Augmented by proceeds from the Southern California real estate sale and the opportunistic debt financing during the quarter, the Company's cash and cash equivalents as of February 28, 2022 grew to $846.6 million. In addition, $684.9 million remained available under the Company's credit and accounts receivable facilities. This liquidity will be partially used to fund the acquisition of Tensar Corporation when the transaction closes.

On March 16, 2022, the board of directors declared a quarterly dividend of $0.14 per share of CMC common stock payable to stockholders of record on March 30, 2022. The dividend to be paid on April 13, 2022 marks 230 consecutive quarterly payments by the Company, and represents a 17% increase from the dividend paid in April 2021.

Business Segments - Fiscal Second Quarter 2022 Review
Demand conditions for CMC's finished steel products in North America were again robust during the quarter, with several key internal and external indicators pointing toward continued strength. Downstream bid volumes, a key indicator of the construction project pipeline, increased meaningfully from a year ago, while contract backlog also experienced growth. Demand from industrial end markets continued to trend positively, with most end use applications increasing compared to the prior year period.

The North America segment reported adjusted EBITDA of $535.5 million for the second quarter of fiscal 2022. Excluding a $273.3 million gain related to the sale of Southern California real estate, the segment generated adjusted EBITDA of $262.1 million for the quarter, an increase of 53% compared to $171.6 million in the prior year period. This improvement was driven by record margins on sales of both steel products and raw materials. Steel products have experienced four consecutive quarters of year-over-year margin expansion, while margins on raw material sales have grown for eight consecutive quarters. Controllable costs per ton of finished steel shipped increased in comparison to the first fiscal quarter primarily as a result of scheduled routine maintenance, which reduced production levels, as well as the impact of higher per unit purchase costs for freight and alloys.

Shipment volumes of finished steel, which include steel products and downstream products, followed typical seasonal patterns, but decreased approximately 10% from the prior year second quarter. The decline reflects the



(CMC Second Quarter Fiscal 2022 - 3)

unusually strong steel product shipments that occurred during the prior year quarter. In addition, shipments this year were influenced by widespread weather challenges during the quarter, contributing to the year-over-year decline in volumes.

The average selling price for steel products increased by $346 per ton compared to the second quarter of fiscal 2021, while the cost of scrap utilized rose $92 per ton. The result was a year-over-year increase in margin over scrap of $254 per ton. The average selling price for downstream products increased by nearly $240 per ton from the prior year period and $77 per ton on a sequential basis. Future pricing indicators on new work entering the backlog remain positive, as average price levels for bids and new awards climbed significantly from the prior year period.

The Europe segment reported record adjusted EBITDA of $81.1 million for the second quarter of fiscal 2022, up 404% compared to adjusted EBITDA of $16.1 million for the prior year quarter.

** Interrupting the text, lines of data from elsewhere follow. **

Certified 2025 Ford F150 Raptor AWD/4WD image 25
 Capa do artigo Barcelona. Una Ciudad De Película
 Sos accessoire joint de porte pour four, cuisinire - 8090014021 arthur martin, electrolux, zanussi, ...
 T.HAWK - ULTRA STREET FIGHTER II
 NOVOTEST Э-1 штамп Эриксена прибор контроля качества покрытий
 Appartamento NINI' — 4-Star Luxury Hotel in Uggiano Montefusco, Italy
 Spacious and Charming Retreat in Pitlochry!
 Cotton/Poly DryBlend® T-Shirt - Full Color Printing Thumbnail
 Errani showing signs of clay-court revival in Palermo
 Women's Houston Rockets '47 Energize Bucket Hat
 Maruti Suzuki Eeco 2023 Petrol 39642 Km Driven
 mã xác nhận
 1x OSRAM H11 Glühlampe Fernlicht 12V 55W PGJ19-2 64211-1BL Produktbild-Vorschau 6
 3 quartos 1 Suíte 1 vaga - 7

The improvement was driven by a significant expansion in margin over scrap and the addition of CMC Poland's third rolling line, as well as the absence of a major maintenance program that occurred in the prior year period. Similar to North America, underlying demand for steel products remained robust. Volumes of rebar, merchant bar, and wire rod each increased on a year-over-year basis, assisted by the new rolling line, which has improved production flexibility and the mill’s ability to capitalize on favorable market conditions. Average selling price increased by $319 per ton compared to the prior year quarter, driving a significant increase in margin over scrap of $203 per ton.

Outlook
Ms. Smith said, "We continue to anticipate strong fiscal year 2022 financial and operational performance. Current robust demand for each of CMC’s major product lines is expected to persist throughout the upcoming spring and summer construction season, underpinned by our growing downstream backlog as well as solid levels of new work entering the project pipeline. The war in Ukraine raises significant geopolitical and economic risks that we are monitoring closely. To date, CMC has not experienced any disruptions to our operations, workforce, or end-market demand."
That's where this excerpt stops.